The strike at Mondelez (formerly Cadbury’s) plant in Coolock, Dublin, forced the management to withdraw their attempt to outsource 17 stores staff.
The 350 production workers at the plant staged a strong picket on Monday and Tuesday 7 and 8 March. SIPTU and UNITE workers stood together, supported by staff gathered at the gates, and brought to a halt the 24-hour production line.
Only management passed the picket line and, with no workers, nothing moved in the factory. All deliveries from the Cadburys chocolate crumb plant in Rathmore Kerry, were cancelled. As one worker said afterwards, the strike showed that they could deliver a 100% effective picket and stand up to management’s long running attempts to attack workers’ conditions.
Pulling the strings
The picket was called off on the Tuesday after unions and management at the Workplace Relations Committee had come up with a deal. It was clear that the outsourcing had been stopped. But the workers in the plant were left in the dark as to what else the deal contained. As we go to press, the unions have called a full meeting in Liberty Hall for Saturday March 12 recommending acceptance of the deal.
Management’s plan for the Coolock plant was to introduce new chocolate making technology and concentrate on Twirl, Flake and Dairy Milk brands for sale in Ireland and for export. They wanted to slim down production to maximize Mondelez’s already massive profit margins.
Their proposals involved many changes to existing work practices. Changes to shift working, for example, would involve the evening shift now finishing at 11pm instead of 10pm, making getting home more difficult for those workers who do not live locally. These aspects of the deal will remain in place.
The company appeared to offer a sweetener of a pay deal of 1.5% over two years –but this was well below the private sector norm. The union agreed to this and further cost cuts in the store area, provided that the company dropped it outsourcing plans. In playing outsourcing off against other issues, the union now finds itself swallowing claw backs in conditions that many workers are not happy with.
Over the years, Cadbury workers have seen their numbers cut by three quarters, increased casualization, and felt the threat of closure hanging over them. During this dispute, the management in Zurich threatened that they would leave and take the production to Poland.
Union officials appeared to accept that the firm’s viability was under threat. Siptu Offcial, Gerry McCormack, while opposing any outsourcing, stressed that the main fear was whether the company had a long term commitment to the facility.
The company has invested in new machinery in the Coolock plant – not a sign that they are prepared to up and leave in a hurry. The restructuring plan of the company was to pave the way for a €11.7 million investment in new chocolate making technology. Moving location is costly and disruptive for corporations. And while workers were picketing the company, with valuable assets inside, the company was not in a position to dictate terms.
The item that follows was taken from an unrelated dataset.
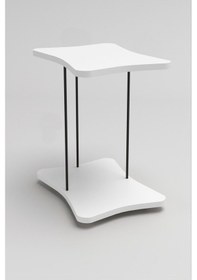 Resim Yan Sehpa Tekerlekli Servis Sehpası Hnd Beyaz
There are further battles ahead. Craft workers fear that in the restructuring their work will be outsourced and downgraded. The company has already proposed that the grades of fitter and electrician would be merged into a new Maintenance Technician, with different terms and conditions. The (misnamed) Labour Court, under deputy chairman Brendan Hayes, formerly of SIPTU, ruled in favour of this. Again the union has insisted that outsourcing is the main threat, and indicated that it is willing to negotiate on terms and conditions.
With the WRC intervention, the decision about whether to continue the strike was taken out of the workers hands. Some workers felt that they were being held over a barrel by management and that the WRC was playing into Mondelez’s hands. If an emergency meeting of the workers had been called while the picket was on, everyone could have agreed democratically whether the deal was acceptable.
The strength of strike showed that outsourcing could be stopped. The strike presented a real opportunity to redress the balance in favour of basic union rights.
But organising a strong, accountable union committee, answerable only to the workers they represent – not to Kieran Mulvey nor official negotiators – will be key to ensuring that workers’ rights are fully defended at Cadburys’ in the future.